Task requirements:
This exercise calls for an exact copy of the listing, with no pictures kept.
═══ Information shown
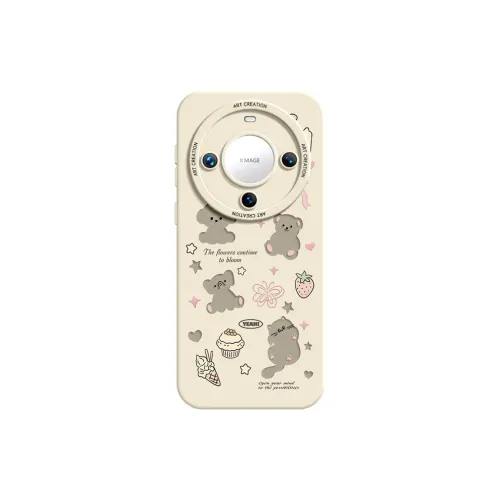 YOOPOO Phone Cases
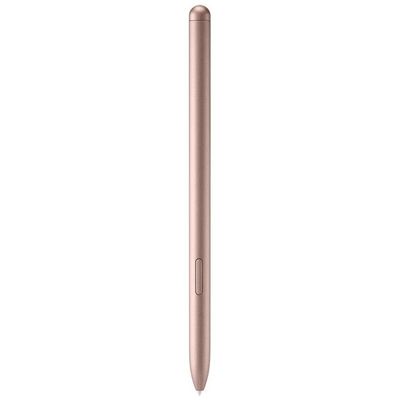 Samsung S-Pen EJ-PT870B für Samsung Galaxy Tab S7/S7+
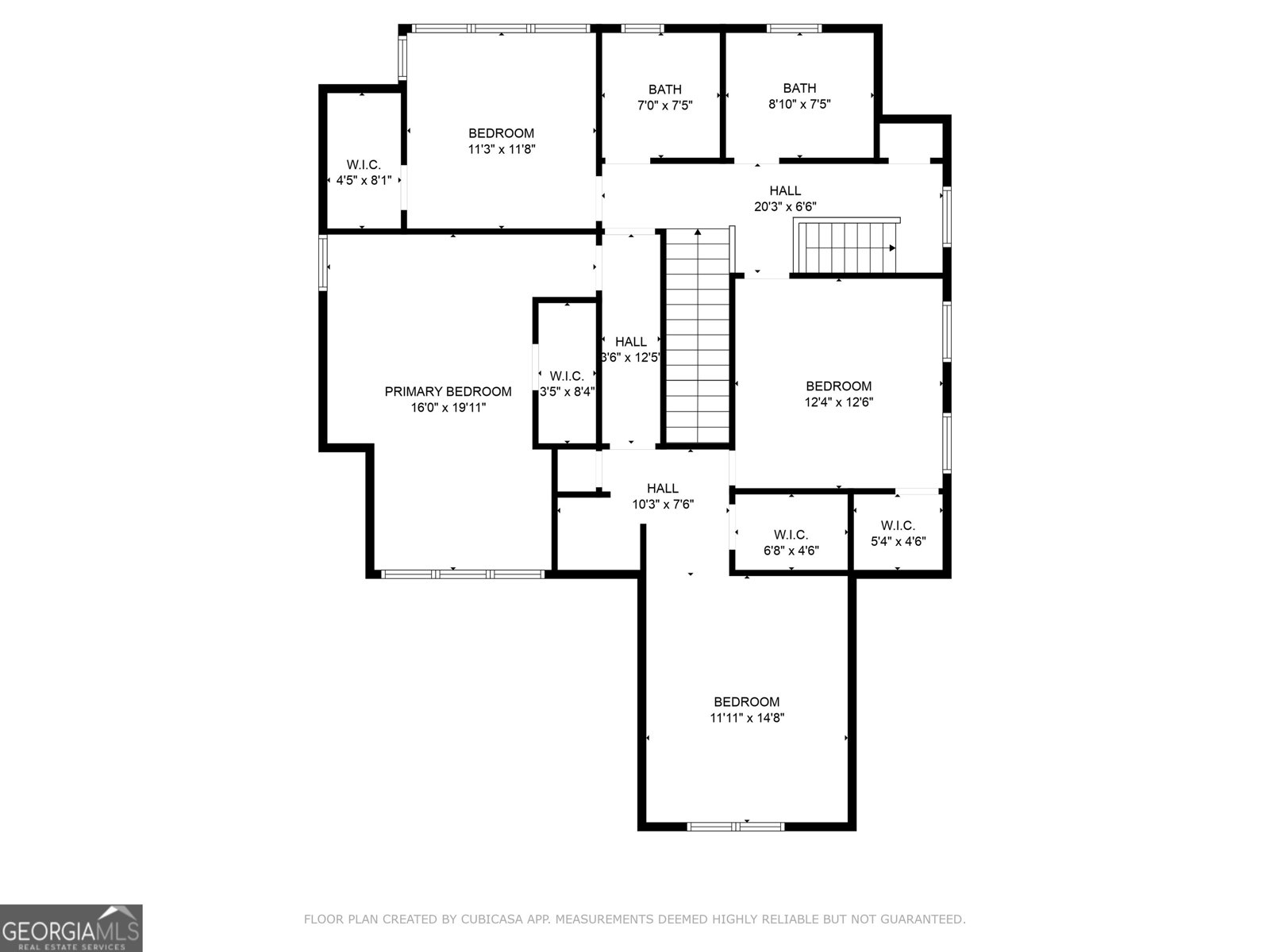 222 Winonna Drive Decatur - 40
══════
Exercise answer:
 YOOPOO Phone Cases
 Samsung S-Pen EJ-PT870B für Samsung Galaxy Tab S7/S7+
 222 Winonna Drive Decatur - 40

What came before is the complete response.